Three Types of Business Organizations
The most basic form of business organization in Canadian Law is the Sole Proprietorship. Sole Proprietorships can be formed only by one individual that acts as the sole owner of the business. In a sole proprietorship, there is no legal separation between the owner and the business. Sole proprietorships are easy to start and easy to carry on business without being bound by any registration requirements unless the business owner wishes to operate under a name that is not his or her own. In that case, name registration is required for such businesses, which is also, a relatively simple and inexpensive process.
Sole Proprietors can enter into contracts with other people and organizations such as employees or contractors but cannot contract with themselves since they are considered the same entity.

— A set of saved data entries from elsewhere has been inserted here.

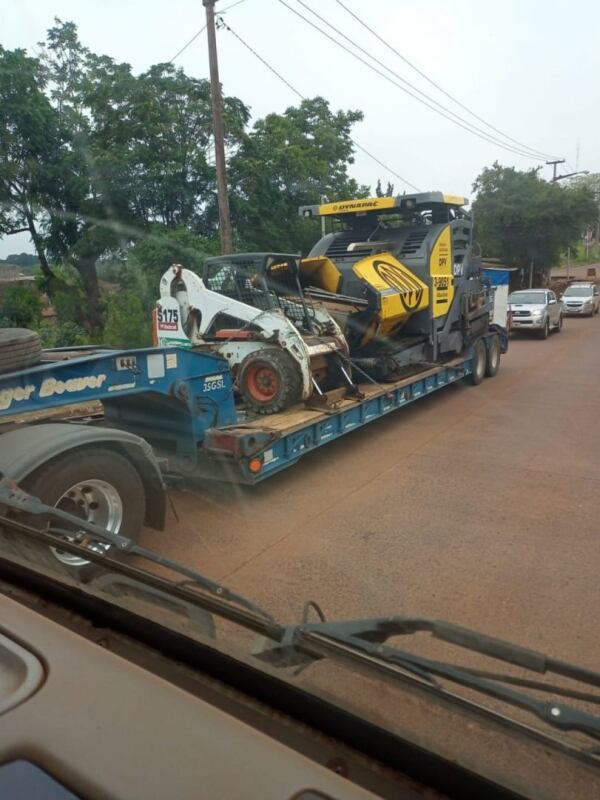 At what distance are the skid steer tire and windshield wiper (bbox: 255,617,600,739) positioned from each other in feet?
15.3

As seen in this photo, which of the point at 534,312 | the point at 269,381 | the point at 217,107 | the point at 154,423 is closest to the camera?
the point at 154,423

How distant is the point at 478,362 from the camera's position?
1179 cm

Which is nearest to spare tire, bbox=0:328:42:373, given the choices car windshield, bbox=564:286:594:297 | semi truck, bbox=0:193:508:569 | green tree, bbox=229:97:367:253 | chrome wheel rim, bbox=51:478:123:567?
semi truck, bbox=0:193:508:569

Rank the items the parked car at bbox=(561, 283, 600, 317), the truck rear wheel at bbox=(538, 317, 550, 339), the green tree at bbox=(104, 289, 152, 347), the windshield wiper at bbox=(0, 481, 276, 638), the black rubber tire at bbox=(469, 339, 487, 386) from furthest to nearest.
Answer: the parked car at bbox=(561, 283, 600, 317), the truck rear wheel at bbox=(538, 317, 550, 339), the green tree at bbox=(104, 289, 152, 347), the black rubber tire at bbox=(469, 339, 487, 386), the windshield wiper at bbox=(0, 481, 276, 638)

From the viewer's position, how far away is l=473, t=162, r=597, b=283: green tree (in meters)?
29.6

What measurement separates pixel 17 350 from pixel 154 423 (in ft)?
5.63

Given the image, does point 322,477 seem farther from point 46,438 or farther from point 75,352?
point 46,438

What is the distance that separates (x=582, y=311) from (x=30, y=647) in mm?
27124

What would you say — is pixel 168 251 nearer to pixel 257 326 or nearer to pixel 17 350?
pixel 257 326

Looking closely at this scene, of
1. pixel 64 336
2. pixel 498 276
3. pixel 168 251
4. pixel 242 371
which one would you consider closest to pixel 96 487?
pixel 242 371

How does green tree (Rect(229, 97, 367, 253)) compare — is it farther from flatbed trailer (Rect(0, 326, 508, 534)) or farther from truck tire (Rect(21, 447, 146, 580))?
truck tire (Rect(21, 447, 146, 580))

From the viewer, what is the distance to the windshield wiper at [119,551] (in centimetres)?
196

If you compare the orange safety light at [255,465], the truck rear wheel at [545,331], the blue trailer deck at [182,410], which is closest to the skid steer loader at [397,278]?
the blue trailer deck at [182,410]

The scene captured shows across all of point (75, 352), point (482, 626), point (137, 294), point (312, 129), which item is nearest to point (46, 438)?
point (75, 352) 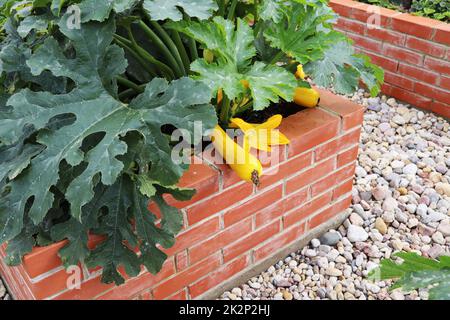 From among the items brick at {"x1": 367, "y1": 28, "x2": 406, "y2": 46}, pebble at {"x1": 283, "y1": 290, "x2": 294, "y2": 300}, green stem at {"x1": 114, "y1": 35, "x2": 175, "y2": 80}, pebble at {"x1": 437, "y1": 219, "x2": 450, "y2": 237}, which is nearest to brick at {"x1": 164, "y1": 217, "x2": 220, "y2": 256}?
pebble at {"x1": 283, "y1": 290, "x2": 294, "y2": 300}

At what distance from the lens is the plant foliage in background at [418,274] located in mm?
951

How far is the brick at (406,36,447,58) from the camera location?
3.11m

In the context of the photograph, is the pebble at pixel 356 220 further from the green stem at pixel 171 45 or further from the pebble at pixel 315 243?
the green stem at pixel 171 45

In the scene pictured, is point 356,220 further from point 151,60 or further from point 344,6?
point 344,6

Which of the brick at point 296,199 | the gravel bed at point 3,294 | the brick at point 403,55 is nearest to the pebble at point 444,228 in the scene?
the brick at point 296,199

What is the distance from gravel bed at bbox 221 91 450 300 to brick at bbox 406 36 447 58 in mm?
440

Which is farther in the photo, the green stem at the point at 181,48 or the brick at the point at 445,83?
the brick at the point at 445,83

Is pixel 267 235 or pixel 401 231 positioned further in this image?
pixel 401 231

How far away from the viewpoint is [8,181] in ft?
5.23

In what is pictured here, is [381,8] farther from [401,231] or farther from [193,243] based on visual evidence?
[193,243]

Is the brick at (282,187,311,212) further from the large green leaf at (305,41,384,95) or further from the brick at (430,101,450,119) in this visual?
the brick at (430,101,450,119)

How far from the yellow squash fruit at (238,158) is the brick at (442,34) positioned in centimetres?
192

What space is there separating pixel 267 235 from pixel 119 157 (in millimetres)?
858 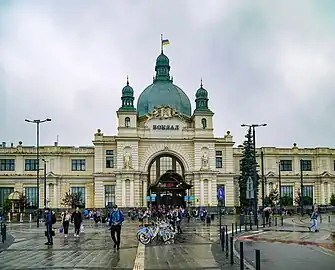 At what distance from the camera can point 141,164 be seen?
85.7 meters

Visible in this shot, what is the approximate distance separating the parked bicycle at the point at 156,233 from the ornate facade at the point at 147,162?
52.6 m

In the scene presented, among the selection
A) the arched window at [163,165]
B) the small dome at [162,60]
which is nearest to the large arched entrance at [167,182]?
the arched window at [163,165]

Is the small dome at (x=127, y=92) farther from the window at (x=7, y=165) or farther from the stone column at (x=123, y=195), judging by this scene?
the window at (x=7, y=165)

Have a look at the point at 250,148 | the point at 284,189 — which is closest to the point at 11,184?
the point at 250,148

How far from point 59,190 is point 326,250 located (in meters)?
70.4

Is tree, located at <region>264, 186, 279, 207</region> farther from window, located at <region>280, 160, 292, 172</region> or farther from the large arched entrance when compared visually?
the large arched entrance

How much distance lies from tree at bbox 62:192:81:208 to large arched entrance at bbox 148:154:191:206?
1165cm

Sole Proprietors are personally accountable to others for breach of contracts, tort exposure and other liabilities. In regard to liabilities, one of the drawbacks therefore is that Sole Proprietors cannot limit personal liabilities against losses arising from the operation of business. On the other hand, one of the benefits is that business losses can be deductible from personal tax obligations.
Partnerships are recognized by common law but currently governed by modern partnership acts. For a partnership to exist, the Ontario Partnership Act requires two or more business owners to carry on a business with a common view to profit. Partnerships do not have a separate legal personality from partners. Business registration is not required unless a name that is different from the name of the partners is used for the operation of business.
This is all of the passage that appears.